Data provided -
============================================================

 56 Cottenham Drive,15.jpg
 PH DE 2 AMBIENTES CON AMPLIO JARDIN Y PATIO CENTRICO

============================================================

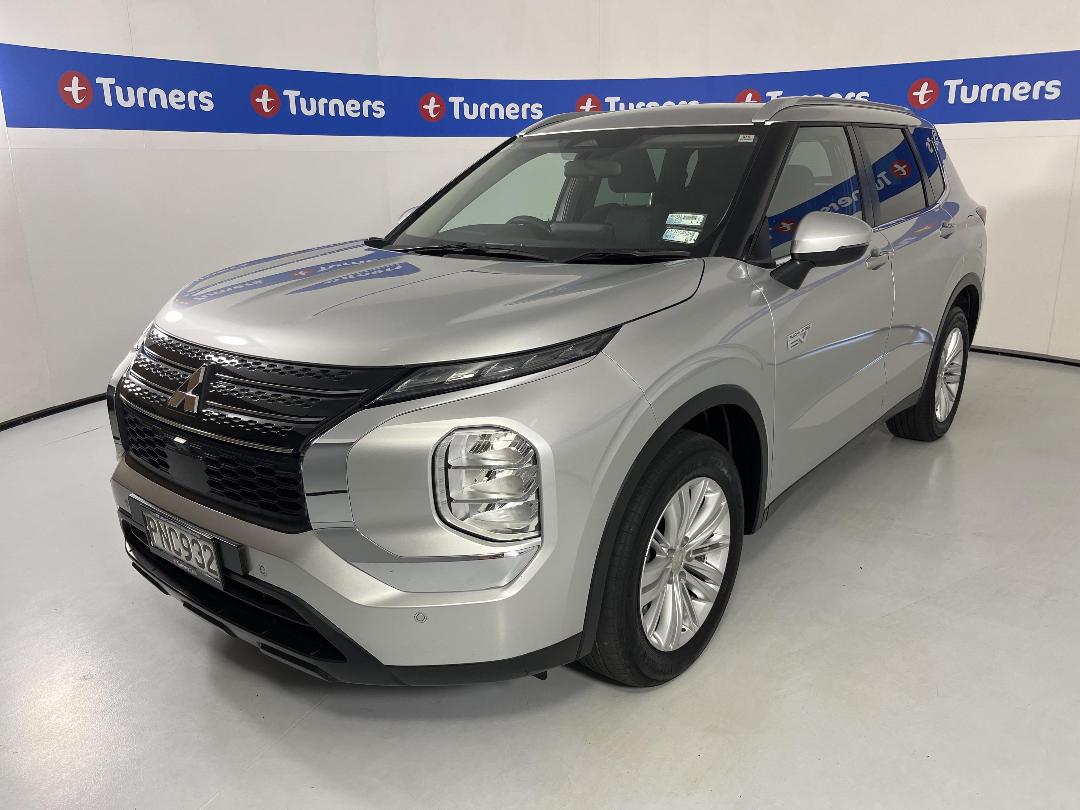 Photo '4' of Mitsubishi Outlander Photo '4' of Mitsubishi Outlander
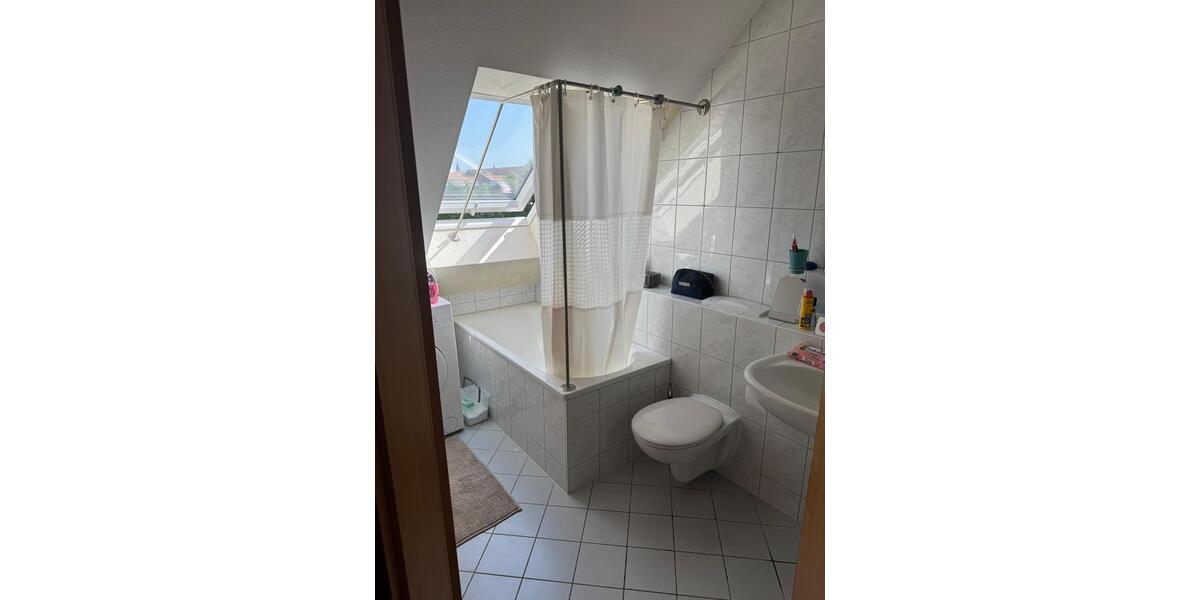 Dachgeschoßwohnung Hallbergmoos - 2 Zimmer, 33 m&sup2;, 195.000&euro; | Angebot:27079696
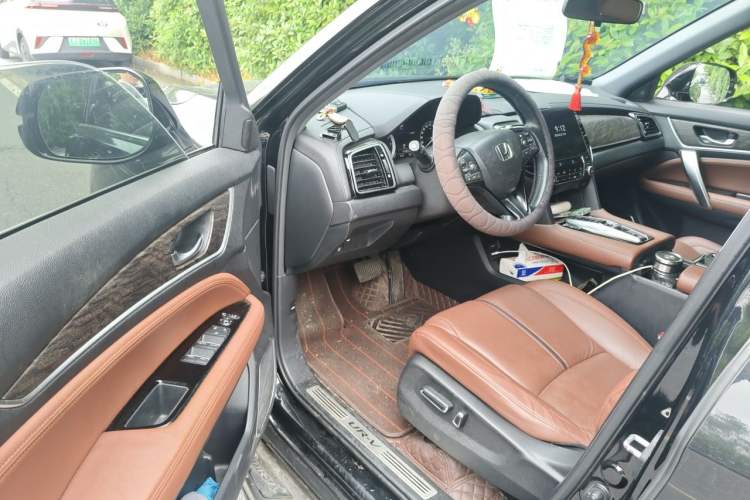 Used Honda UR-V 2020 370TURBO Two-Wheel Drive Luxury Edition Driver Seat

============================================================

Goal of the exercise - Going back to the entries above, set down exactly the lines that begin at the one with "56 Cottenham Drive,15.jpg" and end at the one with "PH DE 2 AMBIENTES", both included, and nothing else.

Answer to this exercise -
 56 Cottenham Drive,15.jpg
 PH DE 2 AMBIENTES CON AMPLIO JARDIN Y PATIO CENTRICO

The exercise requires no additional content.